Hasto Puji Permainan Boles

BERMAIN API: Sekjen Partai PDIP Hasto Kristuyano saat mempraktekan permainan bola seneu saat kunjungan ke Pondok Pesantren Dzikir Al-Fath di Merbabu Perum Gading Kencana Asri, Kelurahan Karangtengah Kecamatan Gunungpuyuh, Jumat (8/2).

RADARSUKABUMI.com, GUNUNGPUYUH — Keberadaan permainan bola seneu (Boles) yang menjadi ikon Pondok Pesantren Dzikir Al-Fath ternyata menyedot perhatian banyak kalangan. Kali ini, Kali ini giliran Sekjen PDI Perjuangan, Hasto Kristiyanto yang berdecak kagum dengan pertunjukan yang sudah menjadi kebudayaan di Kota Sukabumi.

Bahkan Hasto pun mempraktekan kebolehannya bermain Boles bersama para santri diberikan Pondok Pesantren Dzikir Al-Fath jalan Merbabu Perum Gading Kencana Asri, Kelurahan Karangtengah Kecamatan Gunungpuyuh, Jumat (8/2).

Bacaan Lainnya

“Suatu kehormatan bagi saya berada di tempat ini, karena tempat ini merupakan suatu cerminan jati diri bangsa Indonesia yang bangga akan kebudayaan Indonesia. Bangsa yang mencintai kebudayaannya bisa diwujudkan dengan melestarikan kebudayaan itu sendiri dan Ponpes Al-Fath berhasil mengajarkan para santrinya tidak hanya mempelajari ilmu agama saja, melainkan pengetahuan tentang sejarah dan kebudayaan Indonesia,” ujar Hasto kepada awak media.
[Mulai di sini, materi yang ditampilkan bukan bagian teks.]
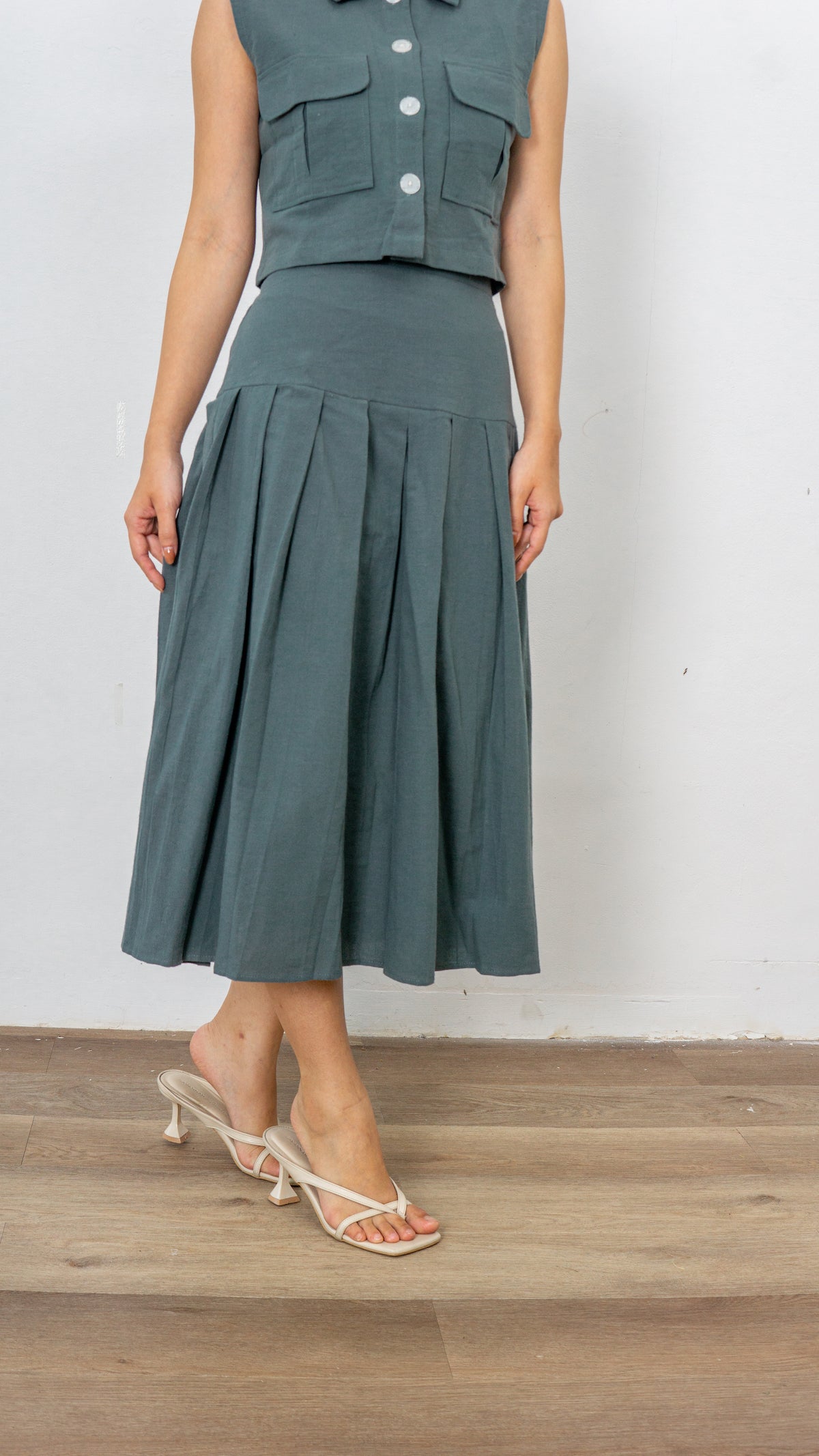 June Linen Skirt - Green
Tidak hanya itu, pria berkacama itu pun memuji para santri dan santriwati di Ponpes tersebut lantaran kemahirannya menguasai bahasa Arab dan Inggris. “Bahasa yang digunakan santri pun luar biasa yaitu bahasa inggris dan bahasa arab, ditambah dengan lingkungan yang asri dan bersahabat dengan alam,” imbuhnya.
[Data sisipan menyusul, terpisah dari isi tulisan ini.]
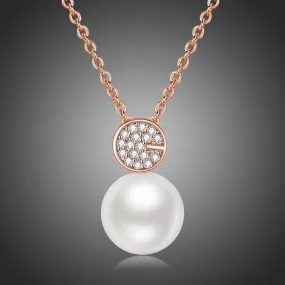 Simulated Pearl Dazzling Pendant Necklace KPN0246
Ditempat yang sama, Pimpinan Ponpes Dzikir Al-Fath, KH Fajar Laksana menuturkan, lembaga pendidikan yang dikelolanya ini diharapkan mampu menjaga kearifan lokal dan juga mampu berkompetisi di pentas dunia. “Bola lengeun seneu (Boles) dan ngagotong lisung merupakan kesenian khas Kota Sukabumi yang kami harap dapat terjaga kearifan lokalnya,” tutur Fajar.

Fajar memaparkan ada arti khusus dari setiap kesenian yang ditampilkan, seperti contoh kesenian ngagotong lisung ini. “Lisung ini diibaratkan perahu yang digambarkan sebagai negara, dan tiga lubang ditengahnya artinya tiga kekuatan, yaitu kekuatan dari Allah Subhanahu Wata’ala, kekuatan dari pemimpin dan kekuatan dari rakyat,” bebernya. “Lalu sebagai pedomannya adalah Halu, diibaratkan pedoman untuk menentukan haluan sehingga lisung atau perahu ini dapat berjalan dengan baik,” sambung Fajar.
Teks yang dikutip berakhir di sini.